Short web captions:
§

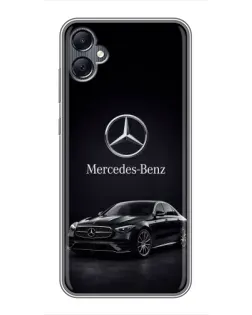 Чехол для Samsung Galaxy A05 с картинкой «Mercedes — решетка радиатора»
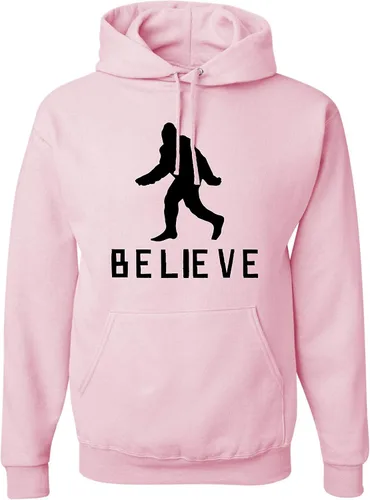 Vista 8 de Go All Out Bigfoot Believe Sasquatch Squatch - Sudadera con capucha para hombre y mujer Verde (SAFETY GREEN)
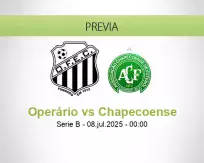 Pronóstico Operário Chapecoense (07 julio 2025)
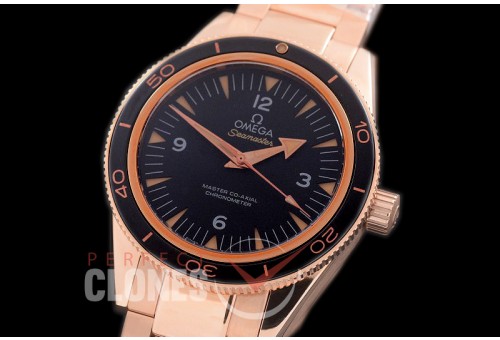 0 0 0 0 OMCPO-40-703 XF Seamaster 2014 RG/RG Black Miyota 8205 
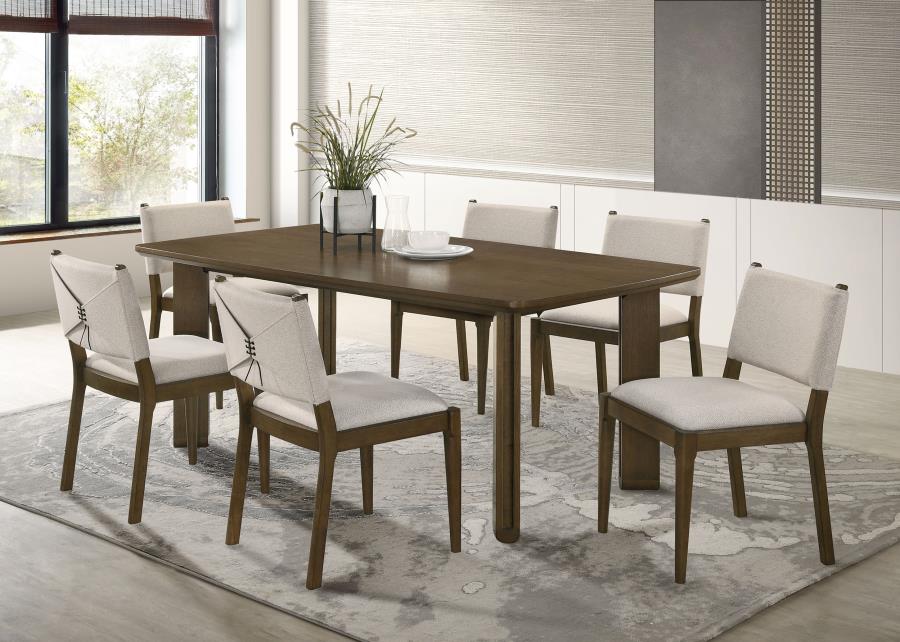 (image for) Ottowa 7-piece Rectangular Wood Dining Room Table Set Brown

§

* **Problem details**:
Omit the pictures, then give every record back exactly as it stands.

* **Response**:
 Чехол для Samsung Galaxy A05 с картинкой «Mercedes — решетка радиатора»
 Vista 8 de Go All Out Bigfoot Believe Sasquatch Squatch - Sudadera con capucha para hombre y mujer Verde (SAFETY GREEN)
 Pronóstico Operário Chapecoense (07 julio 2025)
 0 0 0 0 OMCPO-40-703 XF Seamaster 2014 RG/RG Black Miyota 8205 
 (image for) Ottowa 7-piece Rectangular Wood Dining Room Table Set Brown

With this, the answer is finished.